Hip Thrusts x2 - 30 reps

Torso Twists 200-300 reps ( i keep abdominlas tensed throughout as much as i can)

Side bends x2 -50 reps with dumbell

Squat thrust x2 - 30 reps

but until i get body fat down i wont see much lol, but gf says they coming through!! i do these pretty much every day only takes 20-30 mins when takin easy... good luck


----------



## welshrager (May 27, 2009)

i think ill be keeping my eye on this, id also love one


----------



## LunaticSamurai (May 19, 2009)

Remember to keep your hands away from the back of the head when doing sit ups as it puts stress on the top of your spine at the back of your head.


----------



## dingosteve (Apr 26, 2009)

Yea DO NOT BUT HANDS BEHIND BACK OF NECK INJURY!!

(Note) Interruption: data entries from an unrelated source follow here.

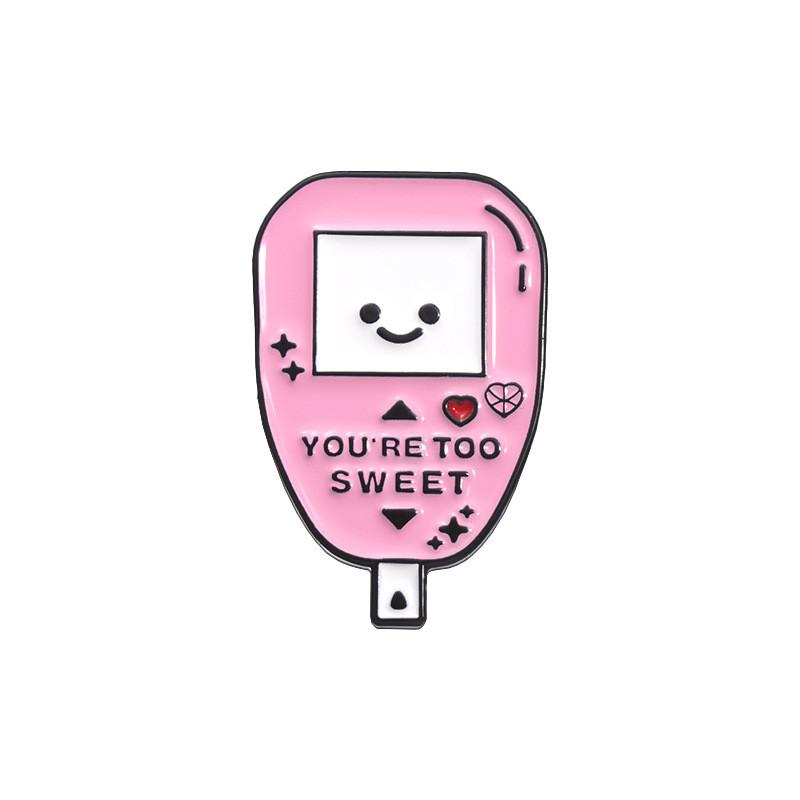 Alloy Cartoon Unique Brooch With Eyecatching Colors For Style Personalized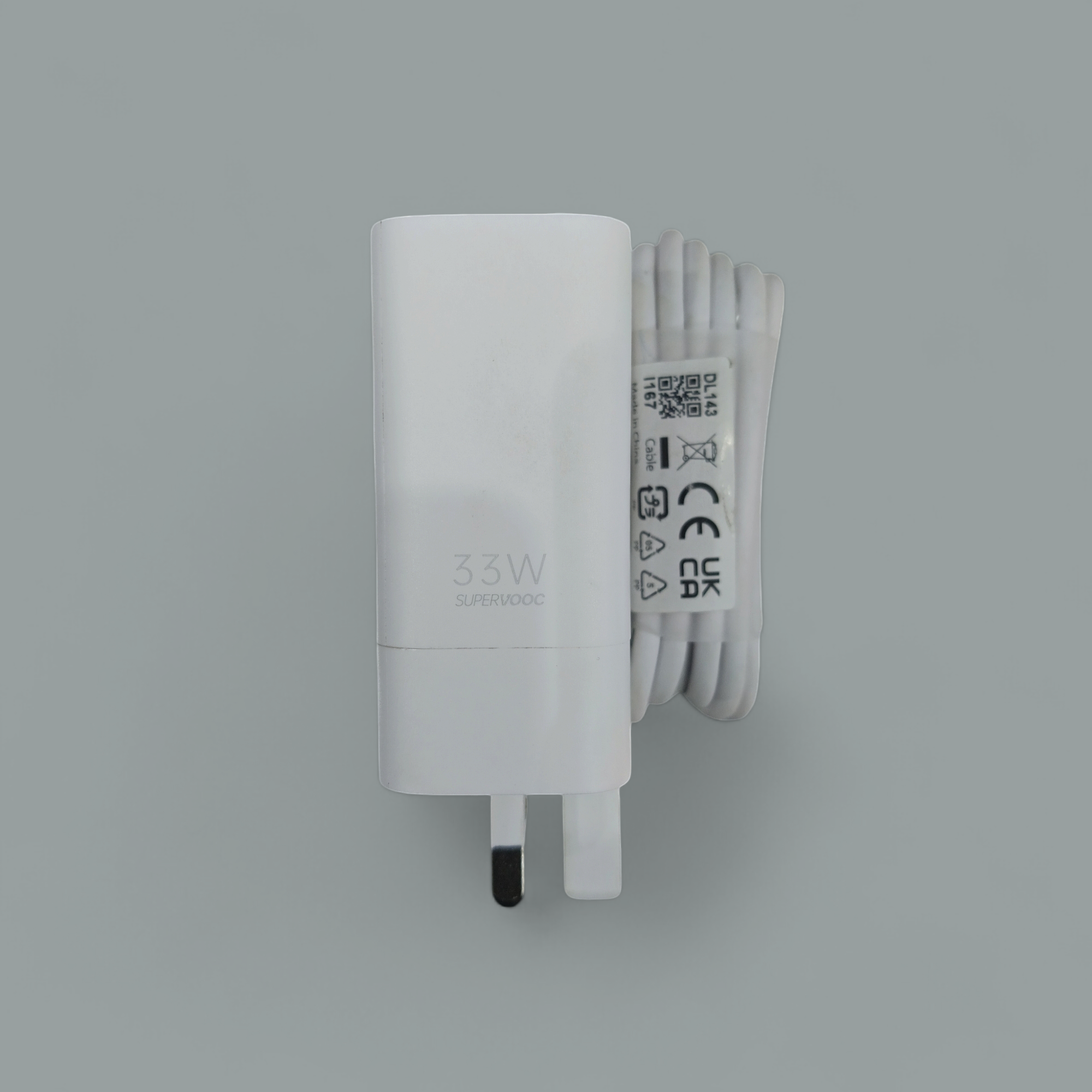Oppo 33w Supervooc Charger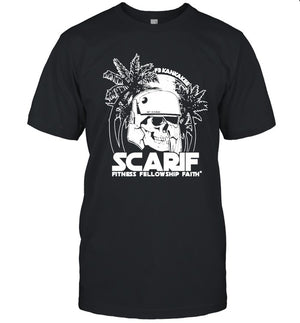 F3 Kankakee Scarif Fitness Fellowship Faith T-Shirt
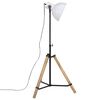 vidaXL Φωτιστικό Δαπέδου 25 W Λευκό 75x75x90-150 εκ. E27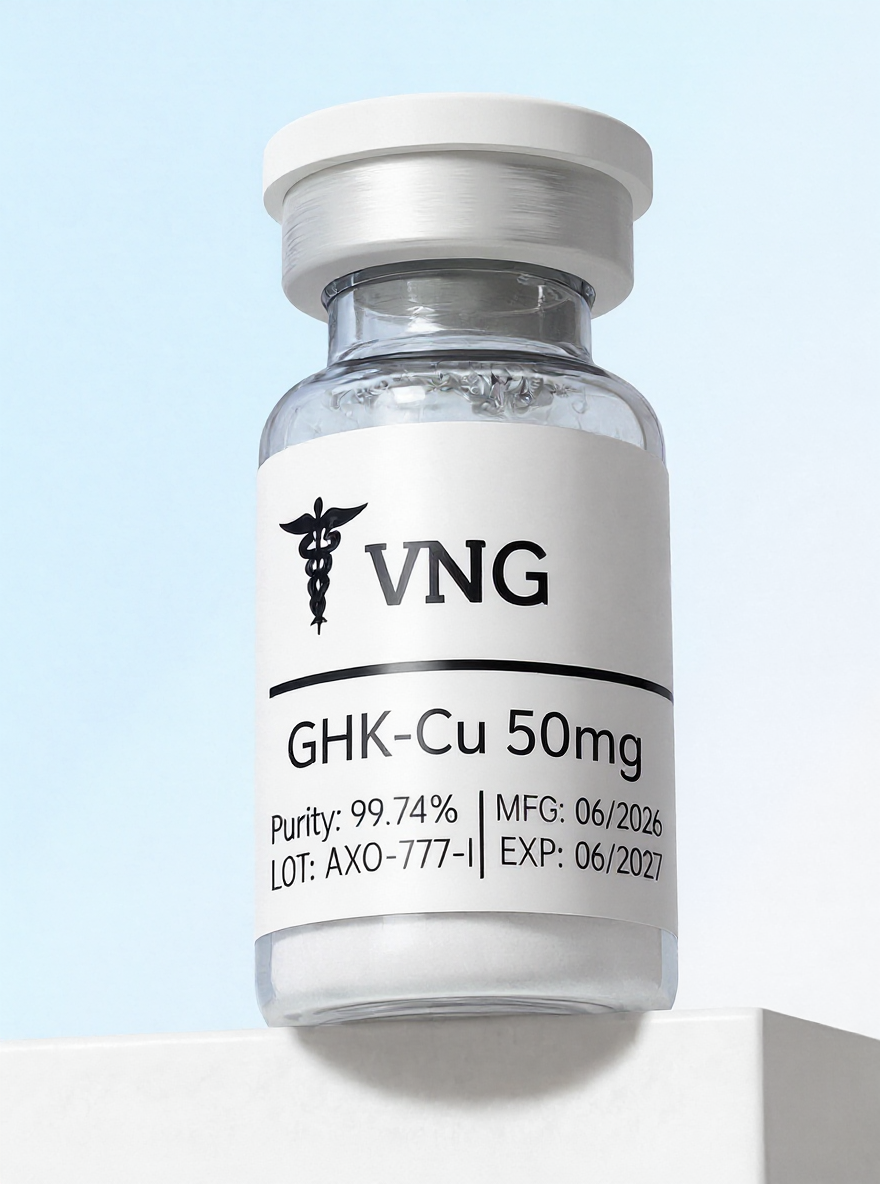 GHK-Cu research vial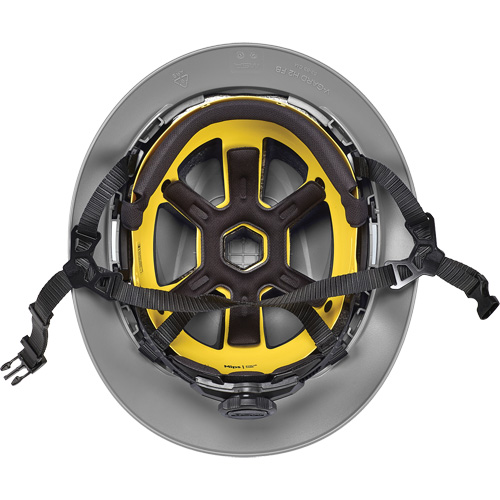 V-Gard H2&reg; Full Brim Safety Helmet with Mips&reg; Safety System, Ratchet Suspension, Non-Vented Waymarc Industries Inc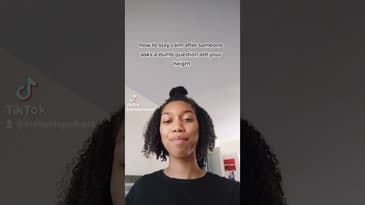 When People Ask Dumb Questions About Your Height #tall #shorts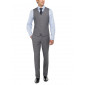 Mens Luciano Natazzi Vested 3-Piece Suit - Image4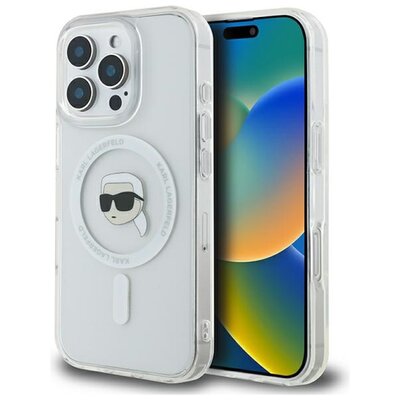 Karl Lagerfeld KLHMP16XHLSKIH iPhone 16 Pro Max 6.9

a top tip i was given press your tounge against the roof of your mouth when doing sit ups it will stop you tilting your head forward!


----------



## jonti1leg (Sep 21, 2008)

sweet tips...nice routine... gonna include that


----------



## dingosteve (Apr 26, 2009)

no problems sharing is caring! glad i finally contributed to community lol!!


----------



## Tom1990 (Dec 21, 2008)

anyone else reccomend any major ab exercises/workouts???


----------



## pariah (May 8, 2008)

Cable pull downs for thickness, very very slow and heavy, holding and squeezing at the bottom curling into yourself... Do normal 3-4 set of 12 reps. No need to complicate or over do it, and do them EOD religiously, never miss them.


----------



## frowningbudda (Dec 16, 2008)

> Cable pull downs for thickness, very very slow and heavy, holding and squeezing at the bottom curling into yourself... Do normal 3-4 set of 12 reps


Top exercise , id say mix up the rep range as well every couple of weeks.

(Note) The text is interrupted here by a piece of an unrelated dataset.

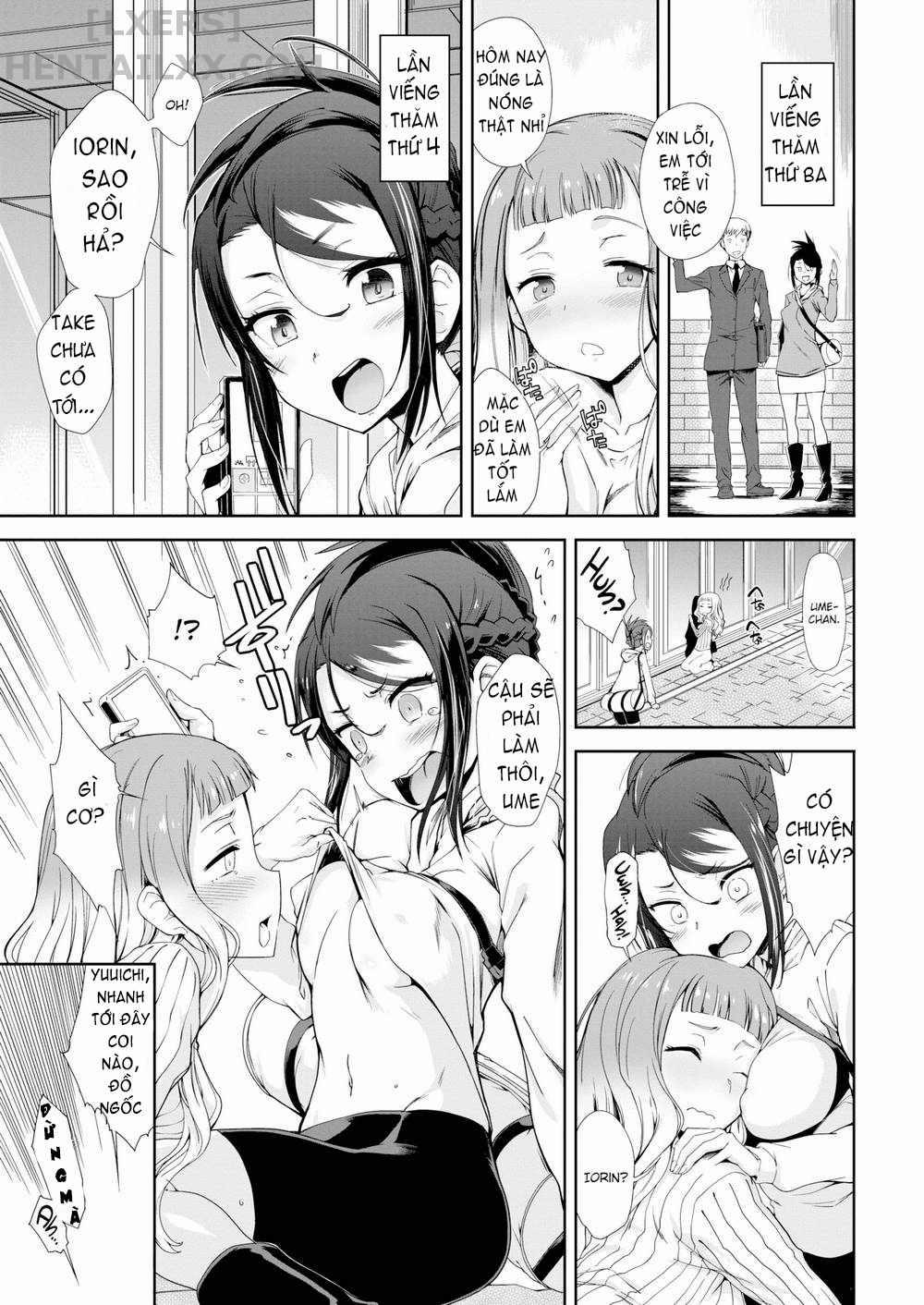 Mienai Tokoro de 0 Girlfriend Switch trang 9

Also BB roll outs are good at hitting the abs to.


----------



## leonface (May 10, 2009)

BB rollouts are king

also russian twists if you've got a T bar or jammer press

'the plank' is very good for core strength


----------



## fxleisure (Apr 15, 2008)

IMO there shouldnt be a rep range with abdominal work - reasonable failure (RF) on every set.

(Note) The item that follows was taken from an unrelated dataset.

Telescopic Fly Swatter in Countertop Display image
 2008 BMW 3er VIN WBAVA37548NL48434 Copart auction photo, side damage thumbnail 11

Back on subject though, I love cable pulldowns....


----------



## muzi (Jun 3, 2009)

I'll be keeping an eye on this thread as at the moment I'm only doing:

Decline situps x 3 - 50 reps

Leg raises x 3 - 15 to 20 reps

Leg raise crunch machine - x 3 - 30 reps

Usually do this 3 times week. Think I need to change the workout and do it less times per week?


----------



## ElfinTan (May 23, 2008)

Strict cable crunches are ace!


----------



## benst (Mar 20, 2008)

This gets a good pump.

Leg raises with a dumbell between your feet

Weighted crunchs

Get a high cable with a d handle on and crunch to the side

Cable crunchs

Do 3-4 sets each with no rest, as soon as you fail on one set move onto the next :thumb:


----------



## BB_999 (Feb 20, 2006)

Is it beneficial to train abs more than once per week then?

I was always under the impression abs should be given 7 days rest like everything else?


----------



## johnend (Aug 10, 2009)

benst said:


> This gets a good pump.
> 
> *Leg raises with a dumbell between your feet*
> 
> ...


I'd be worried the dumbbell doesn't slip at the top :cool2:


----------



## godsgifttoearth (Jul 28, 2009)

L-sits

front levers

human flags

everything else is just amateurish


----------



## The Bam (Dec 4, 2007)

Right !

Abdominals is my speciality you have come to the right place.

Abs will not respond to the same exercises over and over again you need to varry up your training, isometic holds rotational exercises crunches the works.

I personaly work my abs 3x a week giving at least a full days rest in between.

And all 3 workouts are completly different, I do like to include all abs in each workout top, lower postural and obliques. right an exaple of a workout is.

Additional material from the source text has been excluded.